_Source data_:
------------------------------

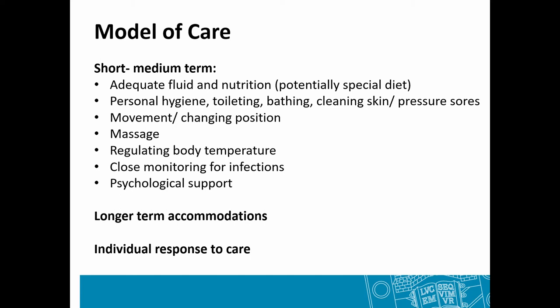In the immediate aftermath of the injury he would have required quite intensive nursing: providing adequate fluid and nutrition, potentially a special diet with increased protein to aid bone healing, help with toileting, bathing, keeping pressure sores clean, help with movement and changing position, massage, regulating body temperature, close monitoring for infections and psychological support. In the longer term he potentially used walking aids — walking sticks or crutches — for short distance stability and movement.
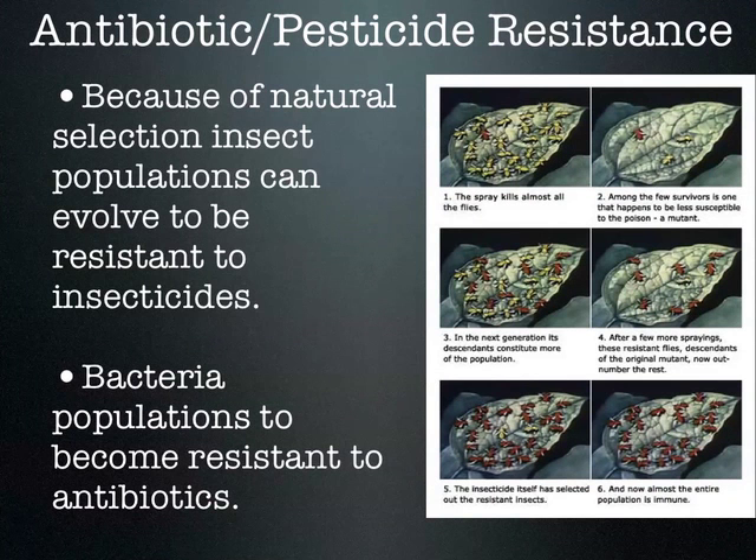Another example of natural selection: antibiotic and pesticide resistance. How many people have had strep throat? When you have strep throat, you go to the doctor. They put that long Q-tip way in the back of your throat — they're getting a sample of whatever's causing your sore throat, because it may not be bacteria; it could be a virus. They do a quick test or send it to the lab. If it comes back as streptococcus bacteria, then they can treat you accordingly.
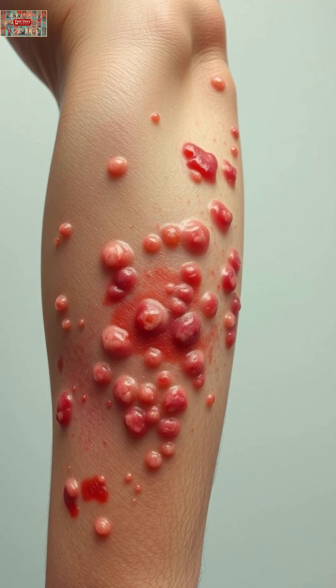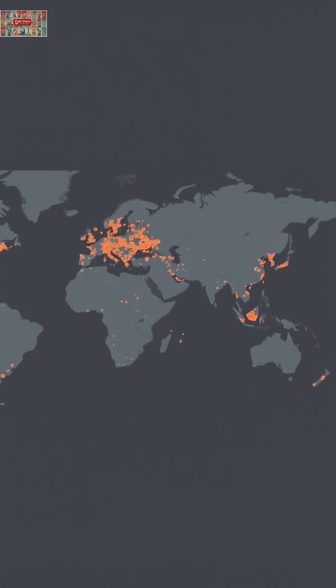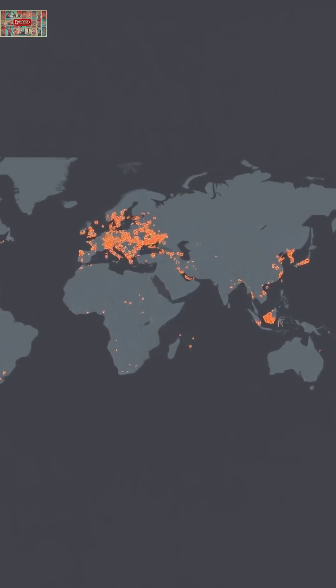It starts like the flu — fever, chills, and body aches. But then comes something different: a rash that turns into pus-filled blisters. This isn't chickenpox, it's monkeypox, a viral infection that's re-emerged globally in recent years.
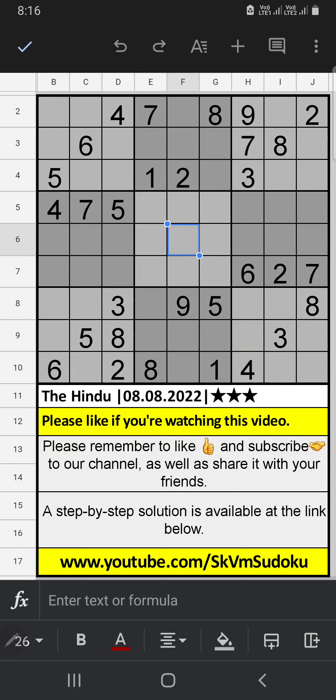Third row has two numbers remaining: 1 and 5 — we will confirm later. In the second row, we have 2 and 9, so 2 and 9 can't come in these cells. Column D already has 2, so 2 can't come in that cell — 2 is confirmed here, then 9 is here.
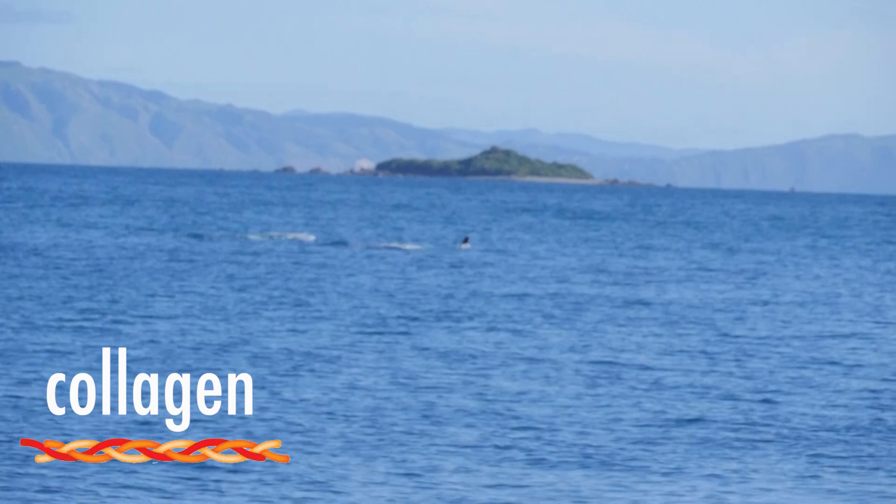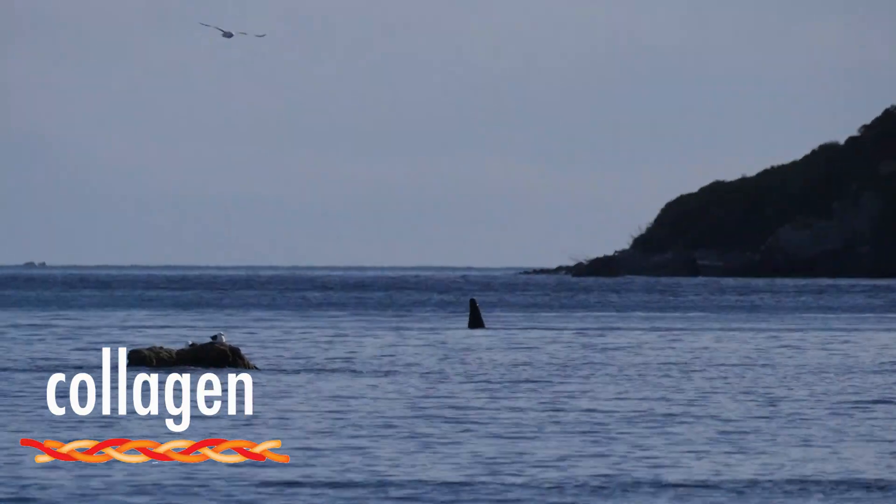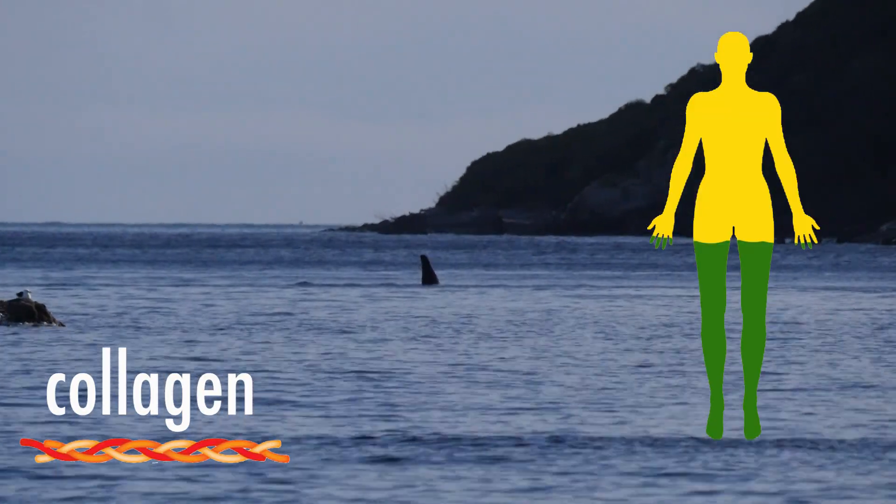Male orca exhibit the largest dorsal fin out of all cetaceans, reaching up to six foot high. This fin is made out of collagen, a structural protein which also makes up around one third of the human body.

------------------------------

_Activity_:
Retype the lines exactly as they appear, beginning with the line that contains "It starts like" and ending with the final line of the entries, and omit the pictures.

_Answer space_:
It starts like the flu — fever, chills, and body aches. But then comes something different: a rash that turns into pus-filled blisters. This isn't chickenpox, it's monkeypox, a viral infection that's re-emerged globally in recent years.
Third row has two numbers remaining: 1 and 5 — we will confirm later. In the second row, we have 2 and 9, so 2 and 9 can't come in these cells. Column D already has 2, so 2 can't come in that cell — 2 is confirmed here, then 9 is here.
Male orca exhibit the largest dorsal fin out of all cetaceans, reaching up to six foot high. This fin is made out of collagen, a structural protein which also makes up around one third of the human body.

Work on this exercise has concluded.